▸ **Materials provided**:
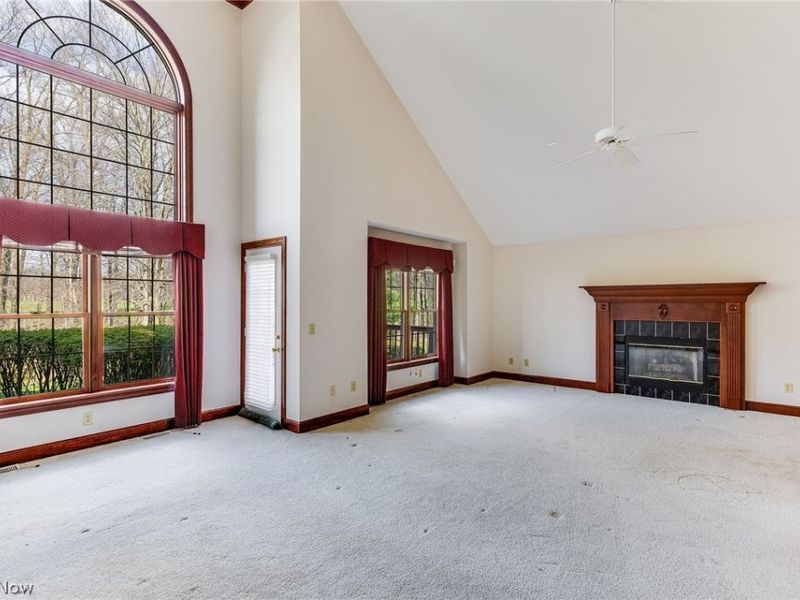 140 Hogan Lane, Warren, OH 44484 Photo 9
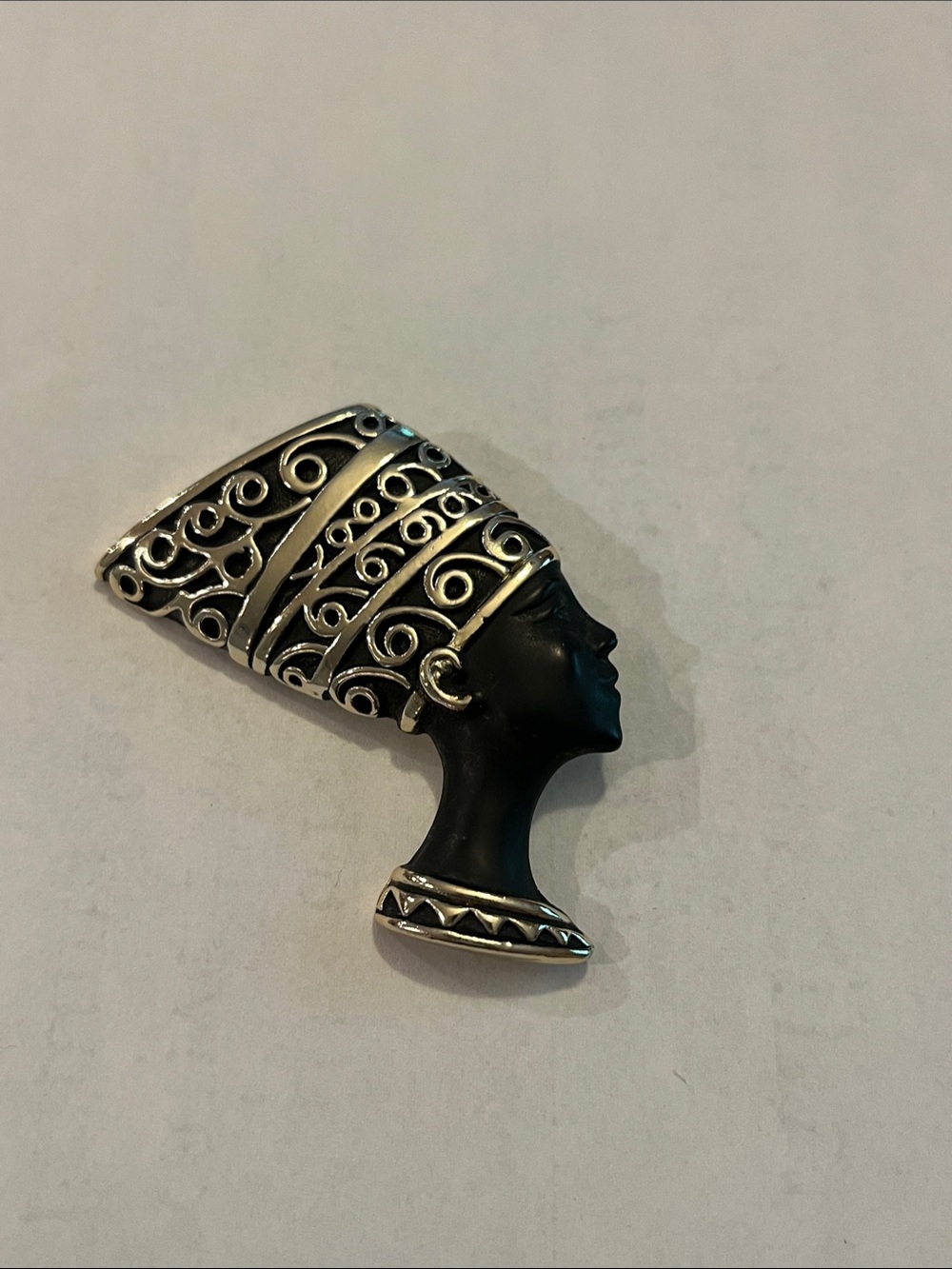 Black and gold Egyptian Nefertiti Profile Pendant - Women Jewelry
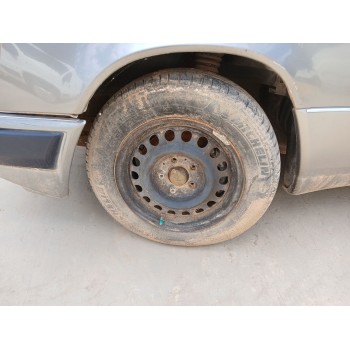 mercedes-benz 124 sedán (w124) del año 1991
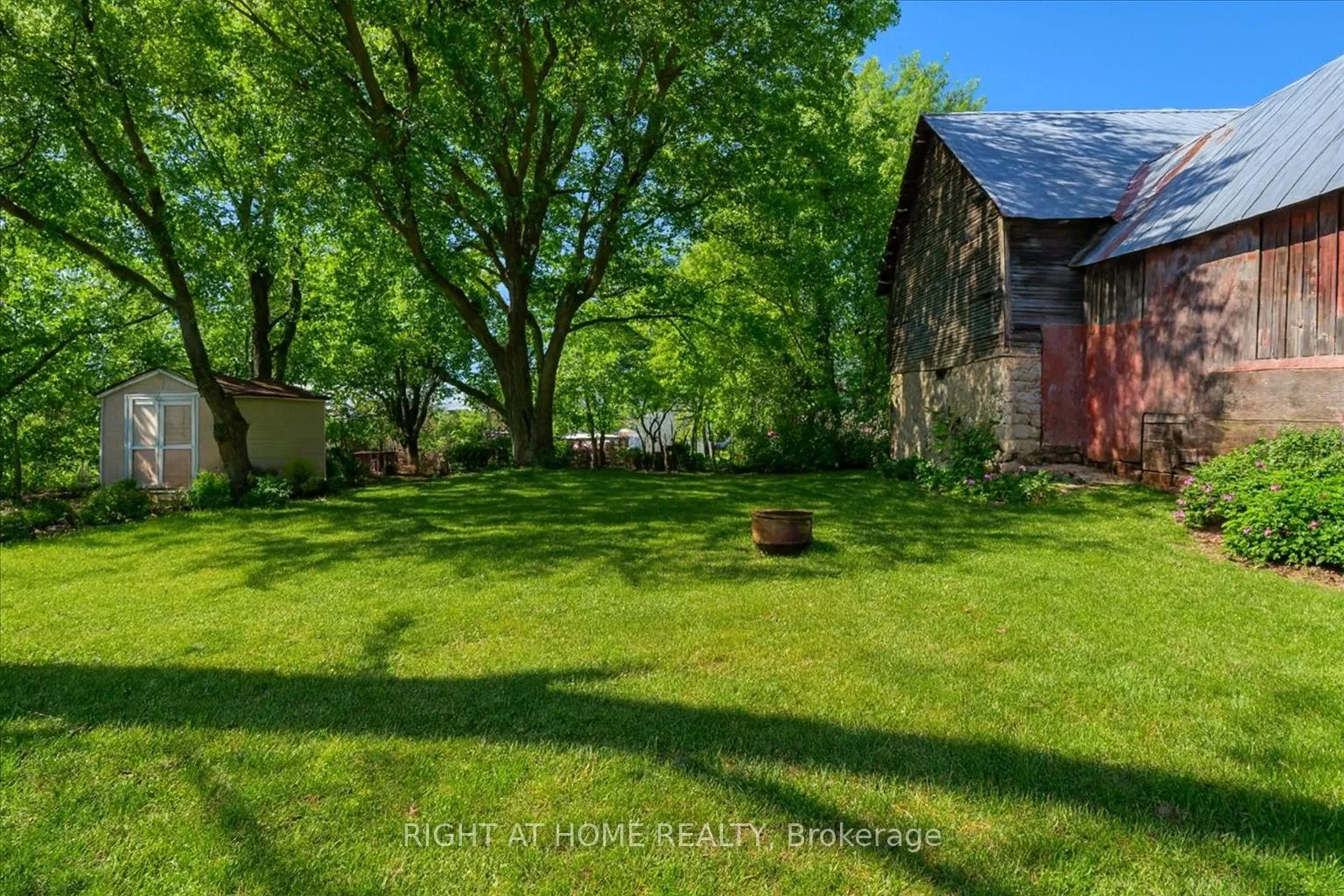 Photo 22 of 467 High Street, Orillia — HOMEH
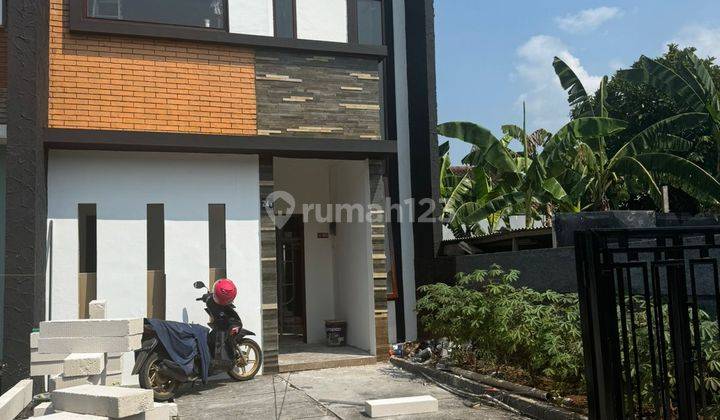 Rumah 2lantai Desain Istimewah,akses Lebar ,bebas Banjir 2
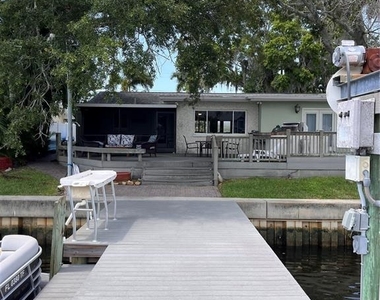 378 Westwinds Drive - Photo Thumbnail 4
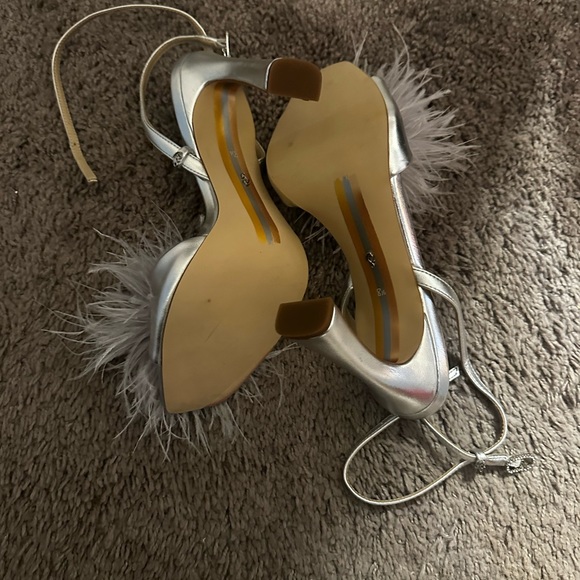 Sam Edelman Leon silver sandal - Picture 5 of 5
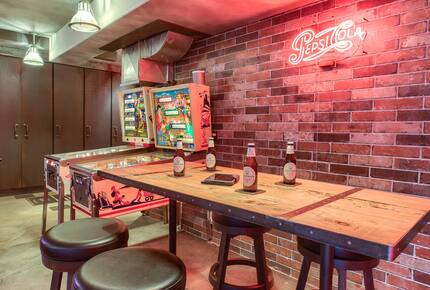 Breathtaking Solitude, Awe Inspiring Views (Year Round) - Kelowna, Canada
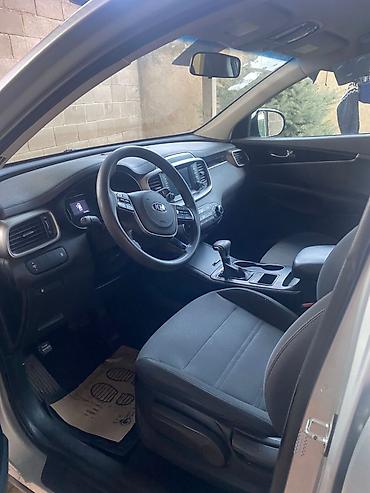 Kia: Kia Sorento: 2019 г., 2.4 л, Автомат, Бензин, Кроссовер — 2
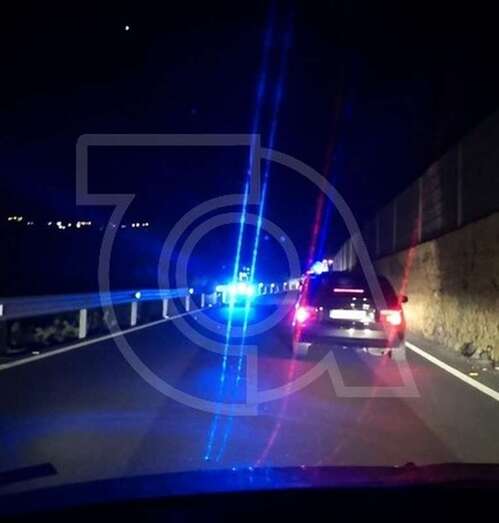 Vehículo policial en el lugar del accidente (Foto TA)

* * *

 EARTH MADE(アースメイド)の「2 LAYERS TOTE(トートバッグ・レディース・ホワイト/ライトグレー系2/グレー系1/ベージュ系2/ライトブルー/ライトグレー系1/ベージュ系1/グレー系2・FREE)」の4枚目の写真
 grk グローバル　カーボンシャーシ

▸ **Problem requirements**:
Above this task is a listing with pictures in it. Retype only the lines from the one containing "Rumah 2lantai Desain" through the one containing "Vehículo policial en", both included, and not the pictures.

▸ **Result of the task**:
 Rumah 2lantai Desain Istimewah,akses Lebar ,bebas Banjir 2
 378 Westwinds Drive - Photo Thumbnail 4
 Sam Edelman Leon silver sandal - Picture 5 of 5
 Breathtaking Solitude, Awe Inspiring Views (Year Round) - Kelowna, Canada
 Kia: Kia Sorento: 2019 г., 2.4 л, Автомат, Бензин, Кроссовер — 2
 Vehículo policial en el lugar del accidente (Foto TA)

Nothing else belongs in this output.